Even as some of those good vibes came flowing back, especially with the way Nick Swisher and Ryan Raburn have been hitting of late, I still don’t believe the front office did enough to catch the Detroit Tigers in the American League Central.
Here are some of my likes, dislikes and issues I’m 50-50 on going into this season. (All spring statistics are going into Saturday’s game.)
1. Michael Brantley is ready to make a name for himself.
By October, Brantley might not even need his “Dr. Smooth” nickname any longer. He’s leading the majors this spring with a .521 average. Since early in 2013, I’ve believed the Indians go as Brantley goes. If he goes as well as his teammates suggest, the Tribe will be a playoff contender.
2. Jason Kipnis looks like a cornerstone.
Kipnis typifies the gritty, hard-working demeanor of the Indians, who don’t have a superstar but have a solid, close-knit team. Last season, only his second full year in the majors, Kipnis led the Tribe in runs, hits, RBI and steals and his .284 average was second on the team.
3. No situation is too big for Cool Hand Danny.

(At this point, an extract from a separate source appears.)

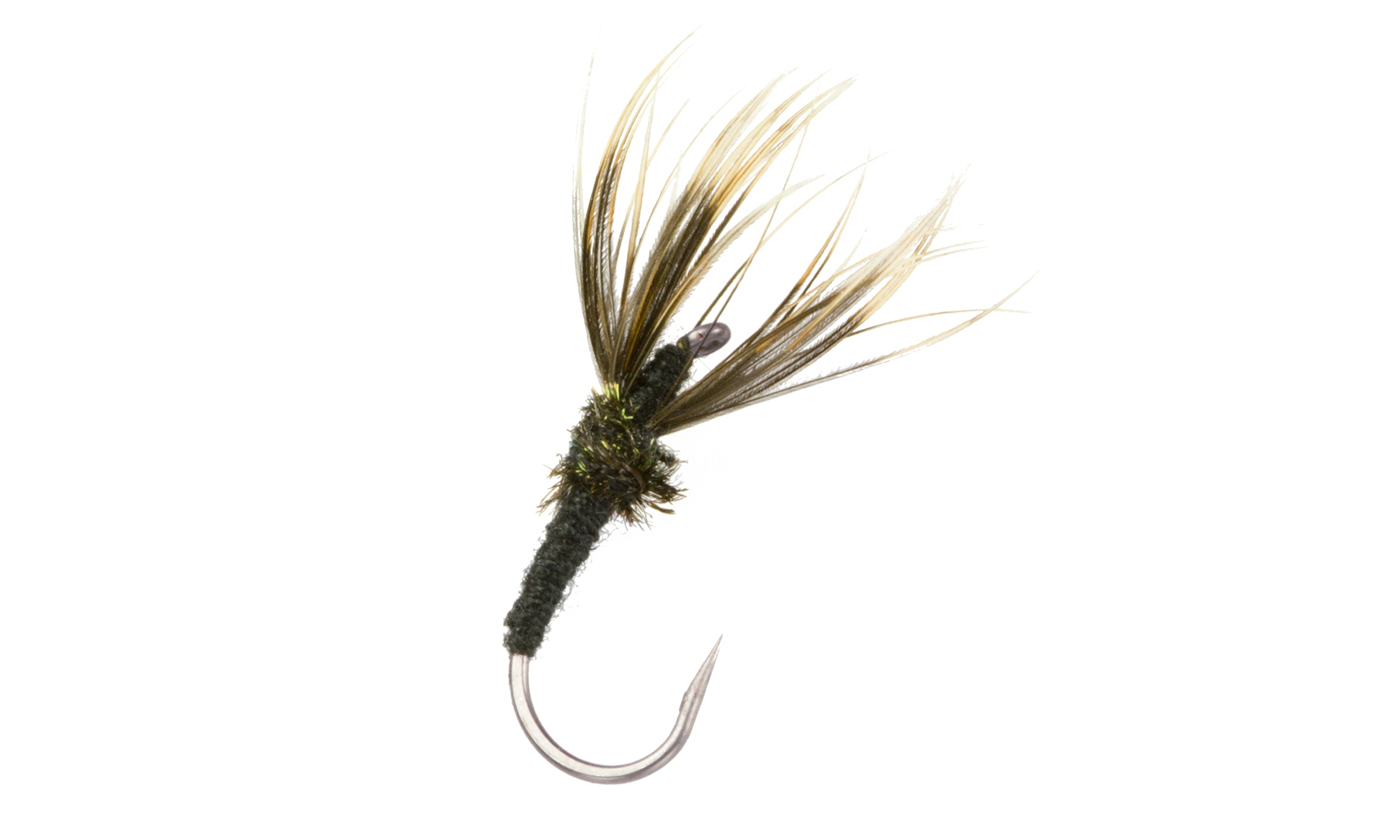 Tenkara Fly: Oki Kebari™ , size 8, pack of 3 – Tenkara USA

Right-hander Danny Salazar is only 24, but he’s got the moxie to handle the big moment. In his last outing, he started the AL wild-card game. Next is the April 4 home opener. His unflappable calm seems nearly as important as his 100-mph fastball. You can see why the Indians have been careful after his 2010 right elbow reconstruction.
4. Vinnie might be the Vinnie of old.
Spring training means nothing, except perhaps when it comes to Vinnie Pestano. The right-handed reliever was mechanically and mentally dreadful in 2013 and was sent to Triple-A. He had a 7.36 ERA in 7⅓ spring innings, but that was skewed by four earned runs he gave up in one-third of an inning against the Colorado Rockies on March 22. The rest of the way he allowed two earned runs. Pestano returning to his 2011 and ’12 form would go a long way to make up for the loss of free agent Joe Smith.
5. Masterson remains focused in his contract year.
Many soon-to-be free agents might come unglued during spring contract talks, but Justin Masterson was steady as ever. There’s no hint his status will be weighing on him this season. Some might wonder if his bright outlook after talks broke down was calculated to keep fans on his side, but I believe Masterson is as genuine as they come.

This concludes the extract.